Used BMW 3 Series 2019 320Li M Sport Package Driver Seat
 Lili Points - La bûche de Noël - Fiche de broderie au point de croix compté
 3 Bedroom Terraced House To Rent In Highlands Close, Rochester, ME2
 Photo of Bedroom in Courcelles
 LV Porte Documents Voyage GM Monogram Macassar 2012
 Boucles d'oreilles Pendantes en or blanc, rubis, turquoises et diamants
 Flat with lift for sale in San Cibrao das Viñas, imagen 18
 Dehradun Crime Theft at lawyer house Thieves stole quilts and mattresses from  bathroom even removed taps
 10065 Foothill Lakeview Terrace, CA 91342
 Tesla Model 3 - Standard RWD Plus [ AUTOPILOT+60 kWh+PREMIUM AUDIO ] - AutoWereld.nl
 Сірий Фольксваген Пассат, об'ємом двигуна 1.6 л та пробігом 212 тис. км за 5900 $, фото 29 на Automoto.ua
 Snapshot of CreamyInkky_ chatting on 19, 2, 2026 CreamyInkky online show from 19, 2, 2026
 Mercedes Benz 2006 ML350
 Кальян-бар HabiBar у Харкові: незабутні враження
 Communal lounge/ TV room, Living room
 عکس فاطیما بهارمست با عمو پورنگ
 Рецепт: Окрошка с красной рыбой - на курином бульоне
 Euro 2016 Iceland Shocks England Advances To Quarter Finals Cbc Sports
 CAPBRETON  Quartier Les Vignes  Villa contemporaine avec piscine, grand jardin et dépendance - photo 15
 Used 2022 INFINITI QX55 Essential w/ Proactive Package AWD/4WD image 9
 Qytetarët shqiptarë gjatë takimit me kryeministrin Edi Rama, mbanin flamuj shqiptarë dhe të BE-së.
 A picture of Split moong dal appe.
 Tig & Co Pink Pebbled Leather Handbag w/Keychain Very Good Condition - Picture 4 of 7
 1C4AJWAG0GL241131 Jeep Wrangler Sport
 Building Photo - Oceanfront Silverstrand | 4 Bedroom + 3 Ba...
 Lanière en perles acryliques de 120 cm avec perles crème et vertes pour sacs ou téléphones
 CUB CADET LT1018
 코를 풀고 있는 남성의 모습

○ ○ ○ ○ ○

The records above are to be restated word for word.

Used BMW 3 Series 2019 320Li M Sport Package Driver Seat
 Lili Points - La bûche de Noël - Fiche de broderie au point de croix compté
 3 Bedroom Terraced House To Rent In Highlands Close, Rochester, ME2
 Photo of Bedroom in Courcelles
 LV Porte Documents Voyage GM Monogram Macassar 2012
 Boucles d'oreilles Pendantes en or blanc, rubis, turquoises et diamants
 Flat with lift for sale in San Cibrao das Viñas, imagen 18
 Dehradun Crime Theft at lawyer house Thieves stole quilts and mattresses from  bathroom even removed taps
 10065 Foothill Lakeview Terrace, CA 91342
 Tesla Model 3 - Standard RWD Plus [ AUTOPILOT+60 kWh+PREMIUM AUDIO ] - AutoWereld.nl
 Сірий Фольксваген Пассат, об'ємом двигуна 1.6 л та пробігом 212 тис. км за 5900 $, фото 29 на Automoto.ua
 Snapshot of CreamyInkky_ chatting on 19, 2, 2026 CreamyInkky online show from 19, 2, 2026
 Mercedes Benz 2006 ML350
 Кальян-бар HabiBar у Харкові: незабутні враження
 Communal lounge/ TV room, Living room
 عکس فاطیما بهارمست با عمو پورنگ
 Рецепт: Окрошка с красной рыбой - на курином бульоне
 Euro 2016 Iceland Shocks England Advances To Quarter Finals Cbc Sports
 CAPBRETON  Quartier Les Vignes  Villa contemporaine avec piscine, grand jardin et dépendance - photo 15
 Used 2022 INFINITI QX55 Essential w/ Proactive Package AWD/4WD image 9
 Qytetarët shqiptarë gjatë takimit me kryeministrin Edi Rama, mbanin flamuj shqiptarë dhe të BE-së.
 A picture of Split moong dal appe.
 Tig & Co Pink Pebbled Leather Handbag w/Keychain Very Good Condition - Picture 4 of 7
 1C4AJWAG0GL241131 Jeep Wrangler Sport
 Building Photo - Oceanfront Silverstrand | 4 Bedroom + 3 Ba...
 Lanière en perles acryliques de 120 cm avec perles crème et vertes pour sacs ou téléphones
 CUB CADET LT1018
 코를 풀고 있는 남성의 모습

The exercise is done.